Please give all of the data again, character for character, and drop the pictures.
'''
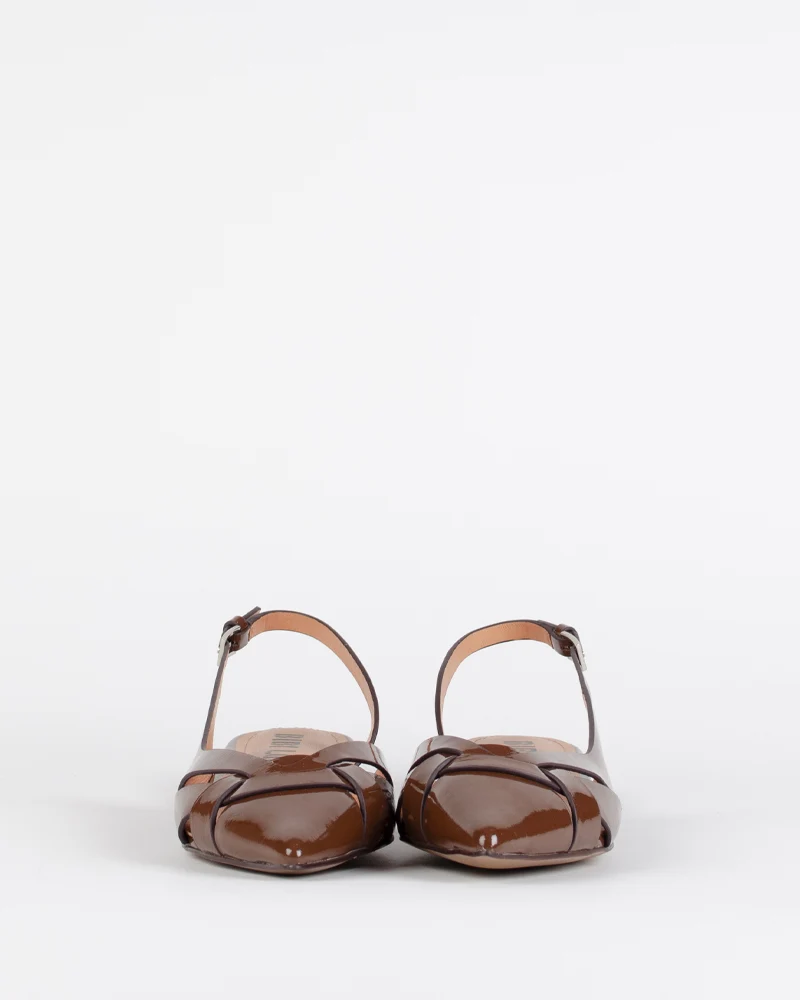 Ballerines bibi lou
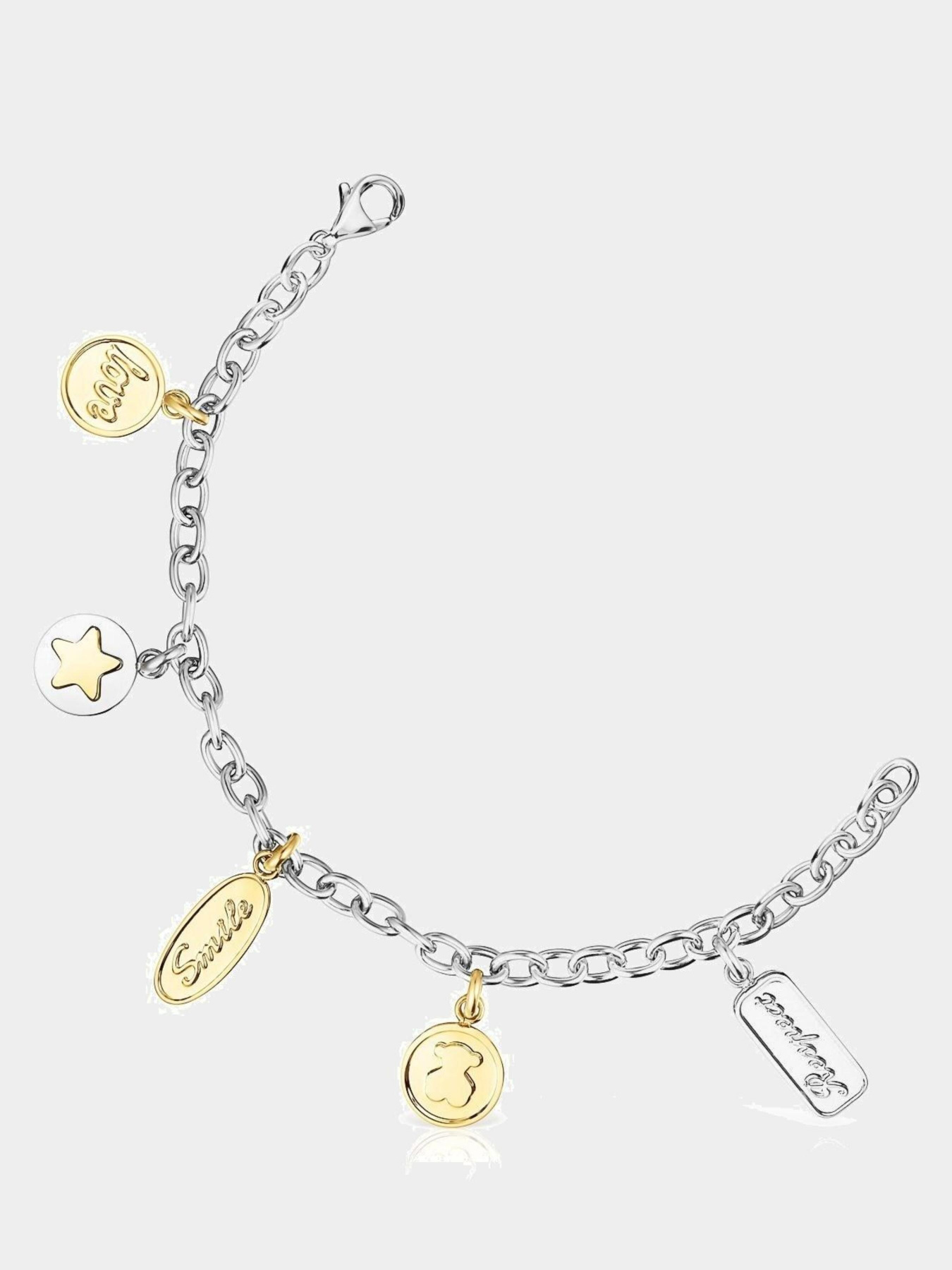 Самостоятельные TOUS модель 018111500 Фото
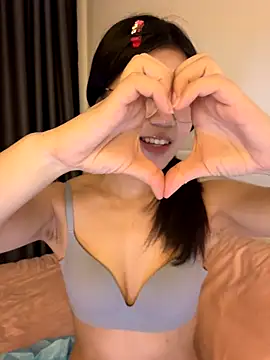 Ella-A9's Webcam Show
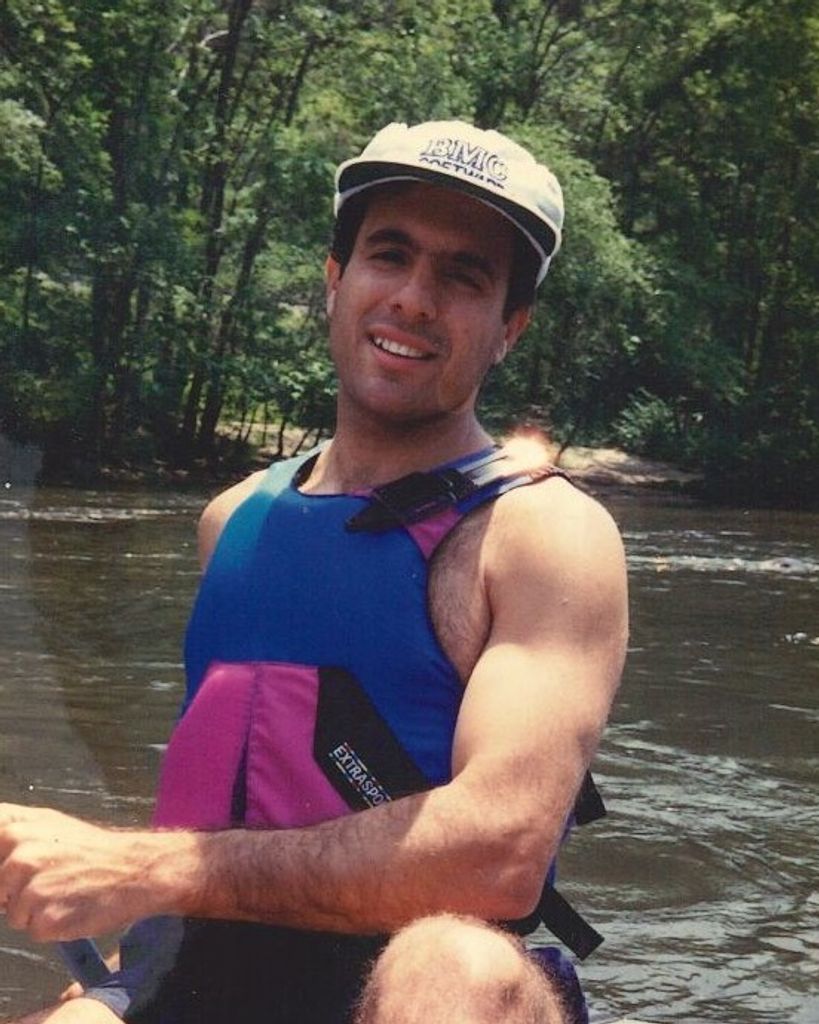 Andrew Jay Melchionna Profile Photo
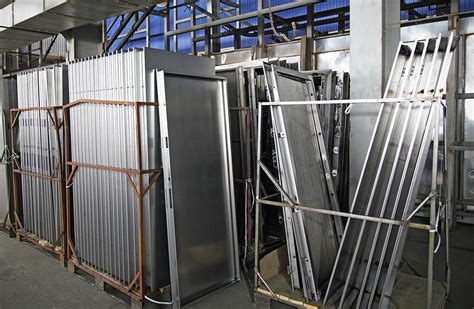 fabrication of sheet metal|custom sheet metal near me.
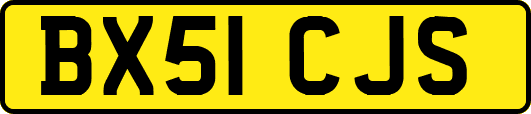 BX51CJS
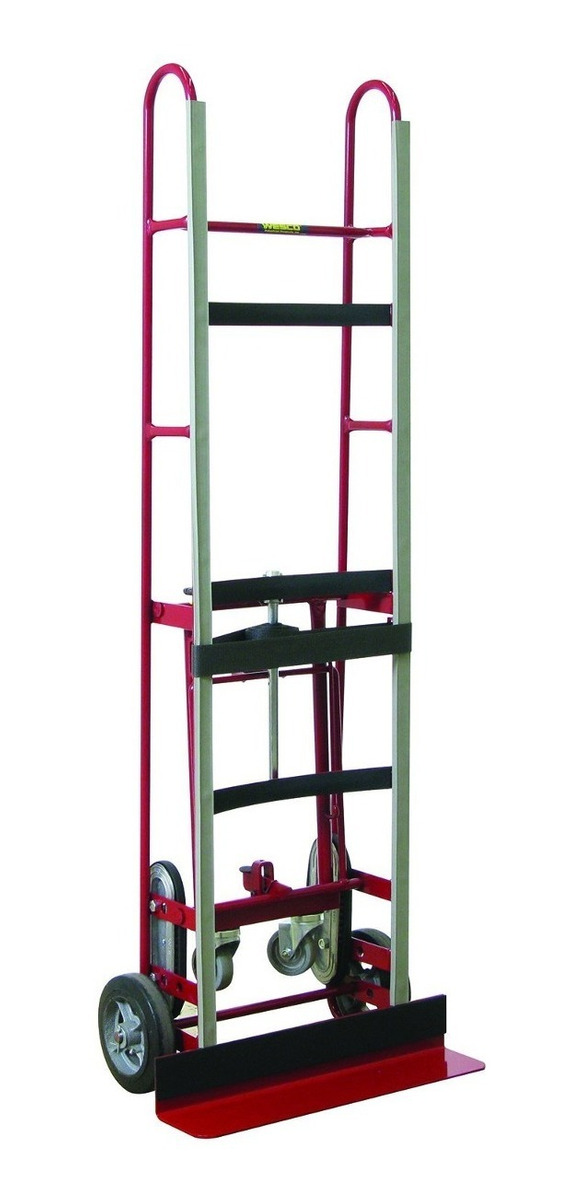 Wesco 230.036 Acero Heavy Duty Truck Expendedora Máquina Con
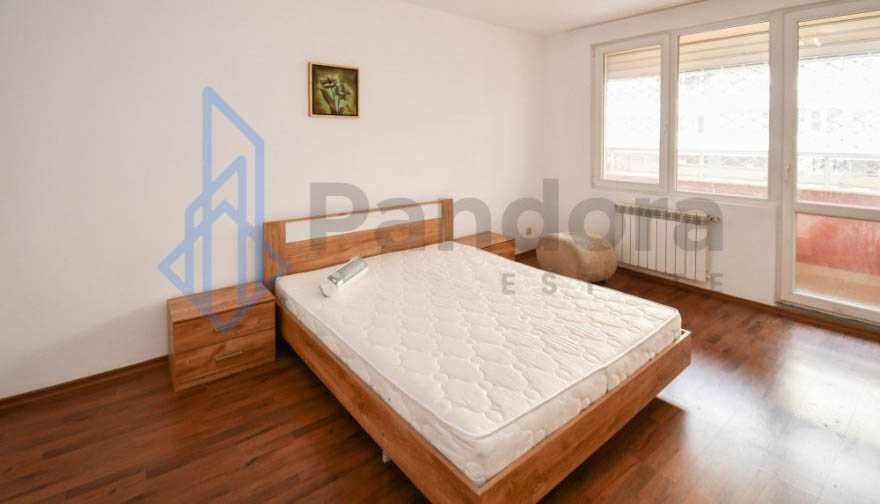 Дава се под наем Двустаен апартамент в София, Банишора - 75 кв.м за 440 € - Снимка #6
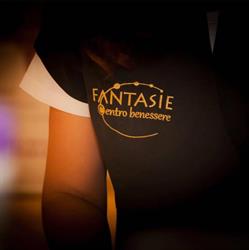 Centro Benessere Fantasie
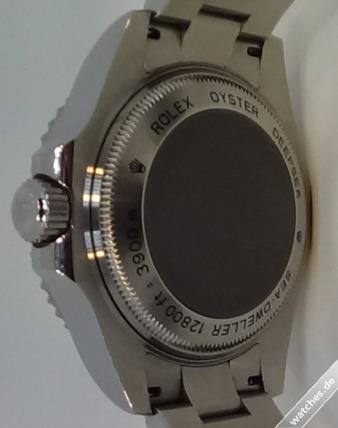 DEEPSEA Rolex 116660 watches 2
'''
__Result of this exercise__:
 Ballerines bibi lou
 Самостоятельные TOUS модель 018111500 Фото
 Ella-A9's Webcam Show
 Andrew Jay Melchionna Profile Photo
 fabrication of sheet metal|custom sheet metal near me.
 BX51CJS
 Wesco 230.036 Acero Heavy Duty Truck Expendedora Máquina Con
 Дава се под наем Двустаен апартамент в София, Банишора - 75 кв.м за 440 € - Снимка #6
 Centro Benessere Fantasie
 DEEPSEA Rolex 116660 watches 2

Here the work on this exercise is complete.